Board of Education Action Meeting: March 28, 2024
by Lisa Haver
Over the years, we have seen people come before this board, and before that to the School Reform Commission, in order to advocate for better public schools. West Philadelphia community members showed up for months, asking that the board provide funds for pools so that children could learn to swim. Parents have come demanding that the board do everything in its power to remove the lead and asbestos and to make schools less toxic. Students have come to ask for mental health services, as many are still recovering from the effects of the pandemic lockdown. Just last month, PFT members led a rally before the action meeting, then in their testimony asked for an end to the oppressive and unfair practice that punishes them for taking their contractually allotted sick days. Parents, students, educators and community members all come in the hope that the members of the board will hear them, respond to them, and do something to improve education for the city’s children.

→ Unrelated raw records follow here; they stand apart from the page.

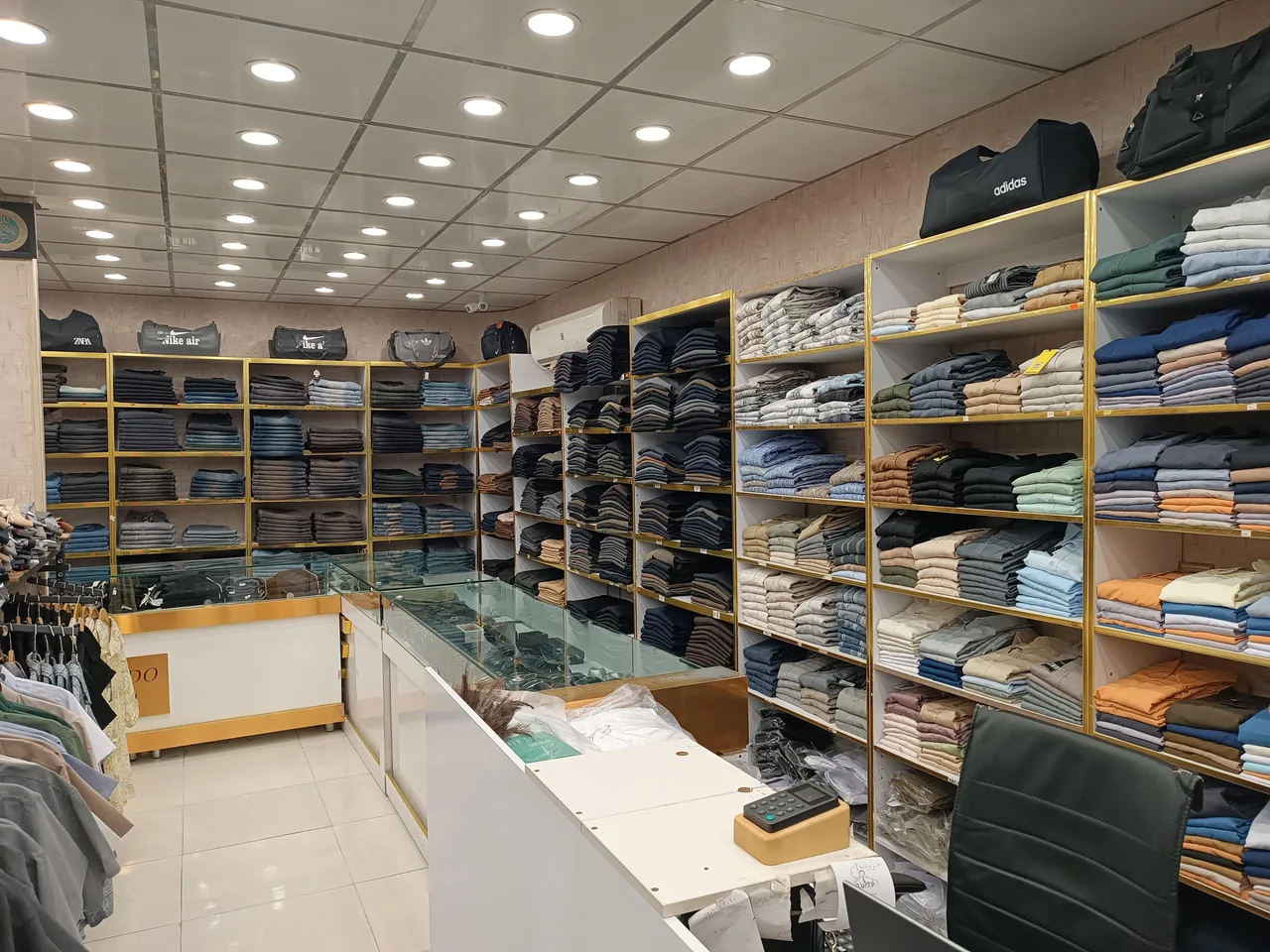 پوشاک آقایان ادواردو آنیلی - تصویر 2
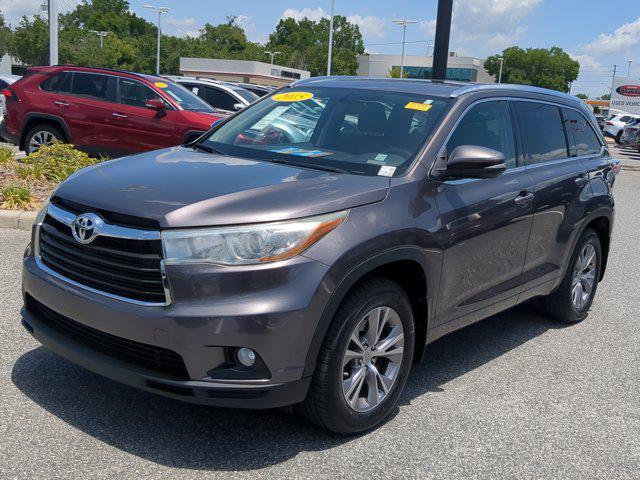 used 2015 Toyota Highlander car, priced at $19,981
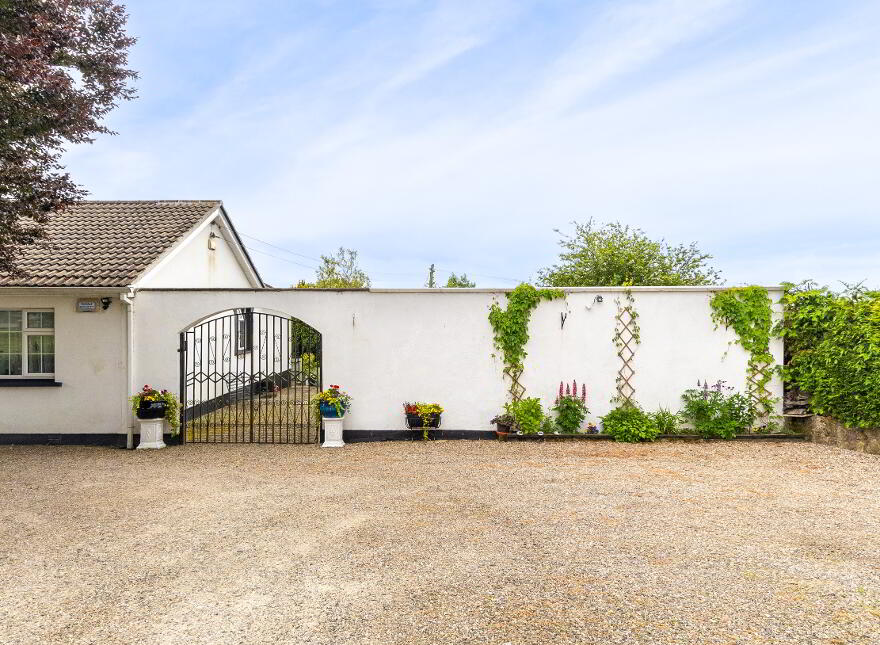Hillview, Ballymaghroe, Knockananna, Y14YP94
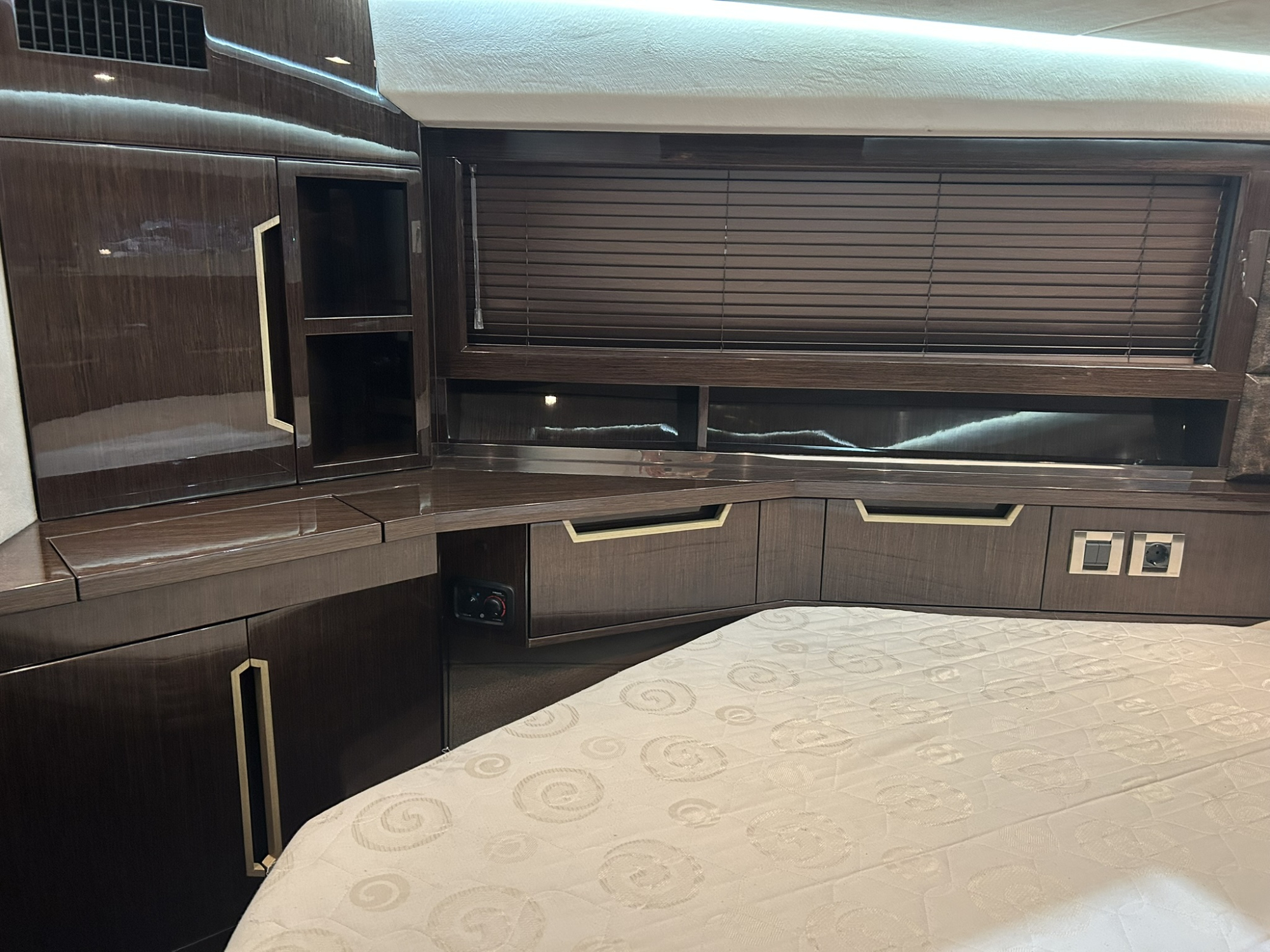 Galeon Yachts Galeon 420 fly 2017 — foto 18 van 42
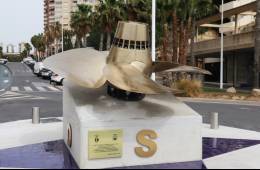 La flamante h�lice de la antigua corbeta �Cazadora� luce en una rotonda de Benidorm. (foto Julio Ma�z)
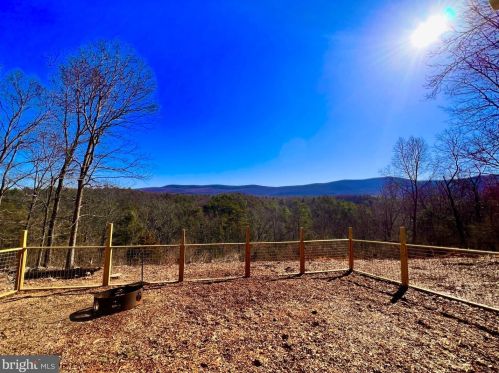 542 Vance Dr, Wardensville, WV 26851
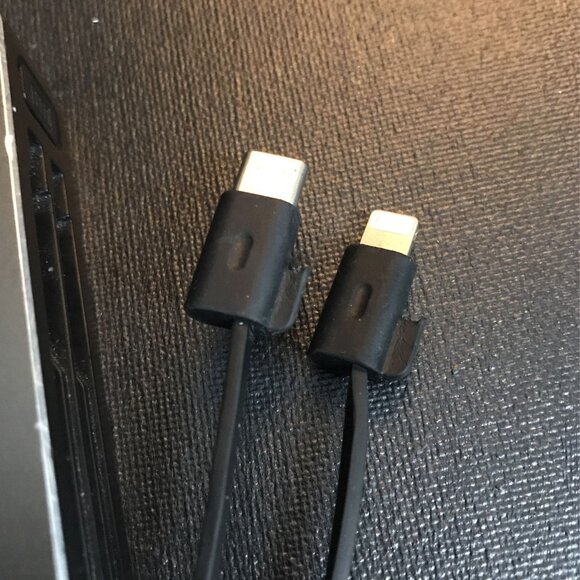 myCharge - HUB Turbo 6700 mAh Portable Charger for Most Mobile Devices - Gray - Picture 4 of 6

Outgoing Board Member Mallory Fix Lopez, however, sees them not as advocates but as impediments. Fix Lopez, during a presentation on the district’s lump sum budget, launched into a diatribe against “protestors” whom she blamed for the state’s underfunding of the city’s schools. She claimed that when she attends “high-level” government meetings in Harrisburg, legislators cite news stories about the district as proof that the board and the district are “incompetent” and don’t deserve more funding. According to Fix Lopez, people who may be “well-intentioned” neither understand the issues nor know who they should be talking to about them. She said that when people “ask for things”–like pools, libraries, schools, better technology, the end of leveling, more art and music, better ventilation in classrooms–they are actually doing it “with the intentional intent” to make the board look incompetent.